Details
-
Bug
-
Status: Closed (View Workflow)
-
Major
-
Resolution: Incomplete
-
6.4.3
-
None
Description
I've been chasing a weird thing (bug?) which happens from time to time (once every 3-6 months) and looks like this:
- SQL dump from a local MariaDB stand-alone DB (taken by HeidiSQL) is then loaded onto a master/slave cluster via MaxScale (presumably by the same tool).
- MaxScale starts feeding the dump to the master (as expected).
- At some point, MaxScale makes a connection to the slave and tries to execute something there.
- The replica runs with GTID strict mode enabled and stops the replication:
An attempt was made to binlog GTID 0-11-170271865 which would create an out-of-order sequence number with existing GTID 0-12-170271865, and gtid strict mode is enabled
The binlog on the master and the relay log are identical, as it may be expected; the binlog on the replica shows a GTID with the local server ID created (but no data) and then the replication stops.
This has happened enough times to rule out any accidental cause, Mercury retrograde etc.; both the master and the slave are firewalled out, so there is now way any connection could have been made directly into them - so this must have come from MaxScale. This happens both on loaded systems and testing ones, so the load factor seems not to play any role.
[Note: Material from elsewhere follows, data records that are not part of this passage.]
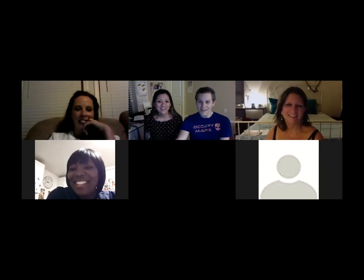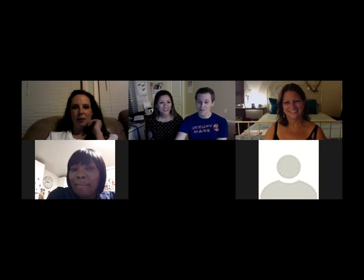Thank you everybody for your comments and for joining in. We're going to close up this call — the next meeting is on emotional healing. This recording is available as a video on the website and also as a podcast. Thanks everybody.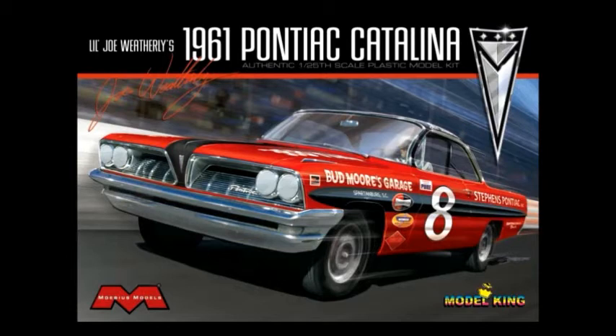They're thinking summertime at some point, so there's nothing definitive on it — that box art has been done, which is definitely a step in the right direction, but it's not on the water, it's not going to be out in the next couple of months. They're talking summertime. And of course, this is a Model King limited edition version, not an actual Mobius kit in the distribution sense.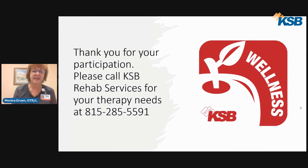I'd like to thank you for your participation. If you have any questions, you can give your physician a call and get a referral to KSB Rehab Services. Our phone number is 285-5591. Thank you for joining us — we'll see you next time.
MaxScale config is pretty straightforward, with a simple read-write split. It does have causal reads tracking now set to "global", but the same issue was present when this option did not exist; all-in-all, this has happened on all MaxScale mainlines from 2.3 to 6. We do have "use_sql_variables_in=master" but I don't see how this would cause the observed effect.
The most frustrating thing is that this happens rarely and by far not every data load ends like this; however, this thing only happens on dump loads, so it must be somehow related.
I'm attaching here the relevant parts (stripped of the repetitive INSERT statements) from the master log, relay log and the slave log on a breakage that happened few days ago; also the header of a dump from HeidiSQL, which caused a similar breakage few months ago (it then broke literally after the first CREATE TABLE statement, on the USE statement shown - but this time it broke halfway through the dump which I'm still waiting to receive).
I understand these are hardly enough and I cannot give a way to reliably reproduce this, but maybe somebody has seen or heard of something similar? Does this ring any bell?